Historic bridge in Houston, Texas, U.S.

The San Jacinto Street Bridge is a viaduct which crosses Buffalo Bayou in Houston, Texas. The structure is listed on the National Register of Historic Places (NRHP). This bridge was built in 1914 to replace an iron pivot bridge of 1883 origin, and rehabilitated in 1997. It is a transportation conduit connecting downtown and the historical Fifth Ward.

==History==
San Jacinto Street has its origins in the founding of Houston. It was designated as a street in the original plat of Houston from October 1836. Houston constructed its first bridge spanning Buffalo Bayou on San Jacinto in 1883. This conveyed traffic to downtown from the Fifth Ward, where many working-class people lived. Houston's wharf at the foot of Main Street still received and dispatched ships, so any bridge at San Jacinto needed to allow their passage. This first viaduct was made of iron and pivoted on a pedestal installed on Buffalo Bayou's northern bank.

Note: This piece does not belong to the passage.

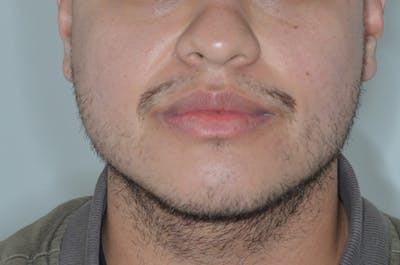 Facial Hair Transplant Before & After Gallery - Patient 285937 - Image 1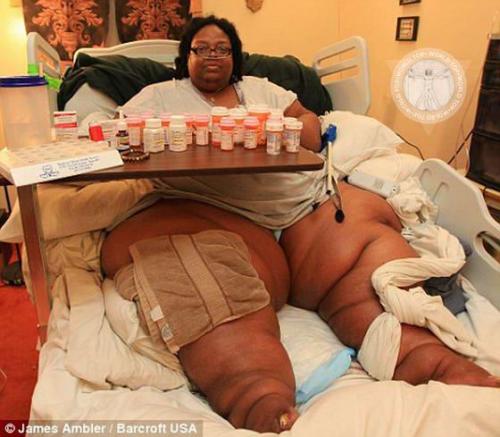 Врачи сказали самой толстой женщине в мире, американке Терри Смит (на фото), что ее ждет смерть, если она в срочном порядке не сядет на диету.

Houston constructed a new bridge on San Jacinto in 1914. The area just north from downtown, the Fifth Ward, was a burgeoning industrial area separated from downtown by Buffalo Bayou. Mayor Horace Baldwin Rice was an advocate of the City Beautiful movement, thus was motivated by aesthetic considerations in choosing a bridge design. The new bridge facilitated river traffic with a large “barrel arch ring,” which also contributed to the bridge's appearance and its application of City Beautiful principles. William P. Carmichael Company of St. Louis executed the design of E. E. Sands, an engineer working for the City of Houston. They used reinforced concrete for most of the bridge elements, while pedestrians accessing the bridge walked among the “sidewalk brackets, curved fascia walls and urn balustrade railings.” The “open spandrel concrete arch” is a representative design feature of bridges built during this period, and there were 23 such bridges in Texas still extant in 2007. The bridge spans 325 feet and is in part supported by twenty-foot pilings. A fifty-foot roadbed is flanked by ten-foot cantilevered sidewalks.

The San Jacinto Street Bridge was rehabilitated in 1997. Major design features such as the open spandrel arch were retained. The decking was replaced with new reinforced concrete. The original railings with oval apertures were recast with a new concrete balustrade with rectangular openings.